Problem to solve: With the pictures removed, set down all of the entries below exactly.

Crawled caption data
□ □ □ □ □ □ □

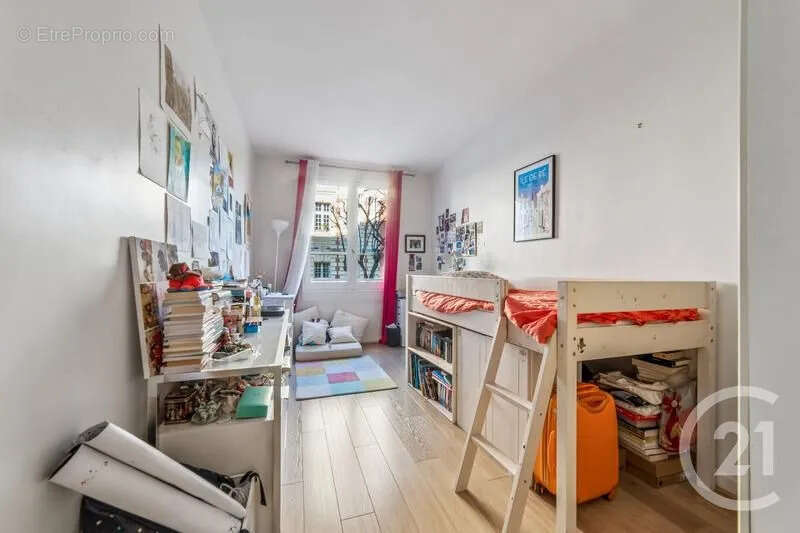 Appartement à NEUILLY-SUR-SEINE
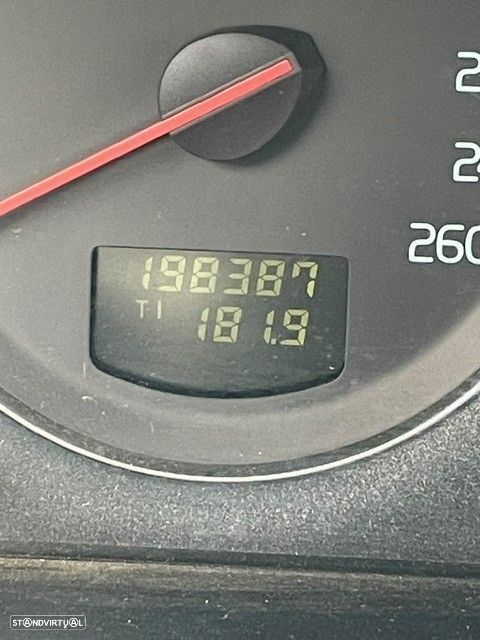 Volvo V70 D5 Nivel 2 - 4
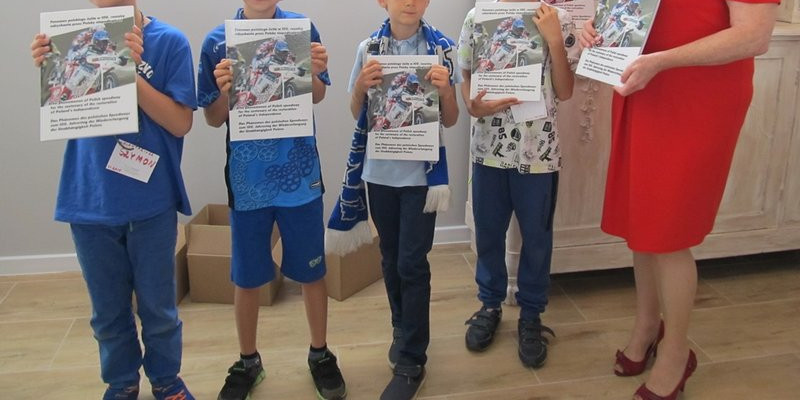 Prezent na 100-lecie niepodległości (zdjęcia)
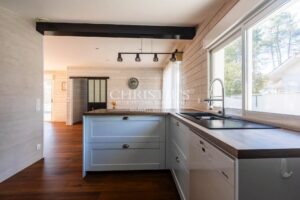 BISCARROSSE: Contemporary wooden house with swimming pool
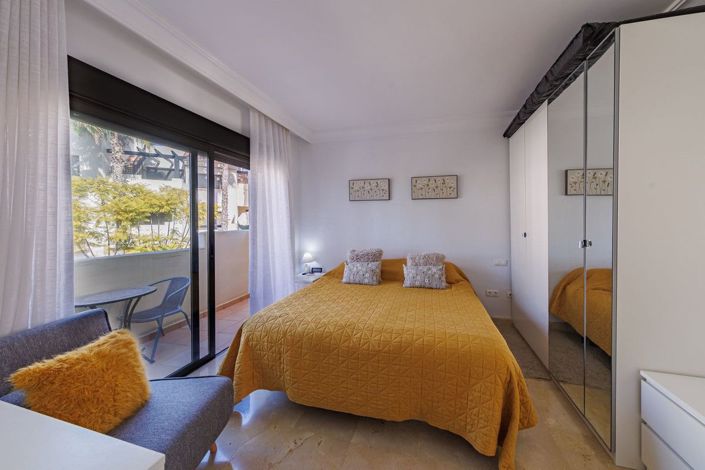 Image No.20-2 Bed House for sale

□ □ □ □ □ □ □

Response to this exercise:
 Appartement à NEUILLY-SUR-SEINE
 Volvo V70 D5 Nivel 2 - 4
 Prezent na 100-lecie niepodległości (zdjęcia)
 BISCARROSSE: Contemporary wooden house with swimming pool
 Image No.20-2 Bed House for sale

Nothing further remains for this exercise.